Endings happen. They just do. Not everything is forever, and that particular ending could have (and probably should have) happened sooner.
I am not upset that the ending happened
The hurt is not about the ending.
The hurt I feel is in recognizing that the person who had supposedly cared for me so deeply did not take care with the ending.
They did not bother taking care with me and my tender heart, in the way that I would have taken care with theirs.
Endings can be caring, or: they do not need to be devoid of care
In the case of the worst ex, for example.
There is a way to say what needs to be said, even if it is a hard thing to say. Like goodbye.

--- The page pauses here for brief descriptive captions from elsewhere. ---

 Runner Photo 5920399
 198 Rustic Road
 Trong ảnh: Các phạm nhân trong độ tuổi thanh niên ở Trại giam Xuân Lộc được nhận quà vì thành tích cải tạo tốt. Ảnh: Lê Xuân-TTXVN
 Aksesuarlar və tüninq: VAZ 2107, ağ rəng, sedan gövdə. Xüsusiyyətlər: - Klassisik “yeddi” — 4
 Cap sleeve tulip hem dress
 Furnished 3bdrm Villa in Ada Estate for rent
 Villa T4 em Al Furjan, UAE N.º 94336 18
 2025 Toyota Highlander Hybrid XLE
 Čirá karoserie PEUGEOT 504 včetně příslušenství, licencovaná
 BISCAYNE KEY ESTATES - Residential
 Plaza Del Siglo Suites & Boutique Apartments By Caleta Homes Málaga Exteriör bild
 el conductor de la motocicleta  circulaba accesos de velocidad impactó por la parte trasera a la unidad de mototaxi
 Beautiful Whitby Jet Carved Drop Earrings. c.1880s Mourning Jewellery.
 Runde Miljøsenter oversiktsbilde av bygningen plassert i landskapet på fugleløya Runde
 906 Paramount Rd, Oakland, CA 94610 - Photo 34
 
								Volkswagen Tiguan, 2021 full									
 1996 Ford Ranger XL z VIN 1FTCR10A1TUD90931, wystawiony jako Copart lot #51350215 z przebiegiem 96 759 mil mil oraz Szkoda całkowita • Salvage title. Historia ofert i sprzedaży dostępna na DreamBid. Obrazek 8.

Even goodbye can be said with love, with tenderness, with thoughtfulness, with presence. A goodbye can hold the beautiful qualities that made the relationship meaningful.
(Unless the person you are saying goodbye to has harmed you and you need to take care of yourself and exit safely and swiftly of course.)
But if that is not the case, then it is absolutely possible to show up for a goodbye with love. It takes some bravery, but that is part of loving too.
It’s about the care, and the attempt at care
In the case of that ex, they didn’t even attempt care.
Which is what hurts more than the ending, and is more surprising than the ending.
Anyway, this former friend had shared with me me that all of our conversations about care and what I shared about how my ex had hurt me had been very impactful on them.
They cried and said they were committing to always bringing that height level of intentionality and care with me.
And with our friendship, which itself was a second chance, a take two situation after a long period of not being in connection.
On warmth
We talked about all of this (warmth and care and connection) so many times and in so many ways, and I am realizing now that none of it landed, as I myself am landing both too slowly and too quickly, descending into the water. Flailing, again.
I am releasing this friend into their mental health crisis, or whatever precipitated this bizarre and bewildering chain of events.
And I am wishing that they get whatever care and support they need, and I am wishing to maintain a safe distance from the chaos.
And I would also like it if they fell off a cliff, because I am very angry and hurt.
And I am considering how to tend to myself and my pain and my back and the betrayal spot, and the ongoing realization of things not being how I thought they were at all.
What is possible
Is it possible to let the surprise and the splash of cold water be invigorating? I don’t know yet.
I will go to where the warmth is, where the care is, and also I will try to be a better noticer of what needs noticing.
Will I try to be better at protecting myself from these sudden falls, from trusting too fast and too easily and too hopefully. Is that the right question? I am not sure yet.
No more second bridges
I had a dream last night about a different ex, who has the same name as the friend who exited my life.
And in the dream I ran into this ex and they were working in a restaurant, and they said, “I didn’t want to bother you but also I still love you and I want to try again, please say yes”.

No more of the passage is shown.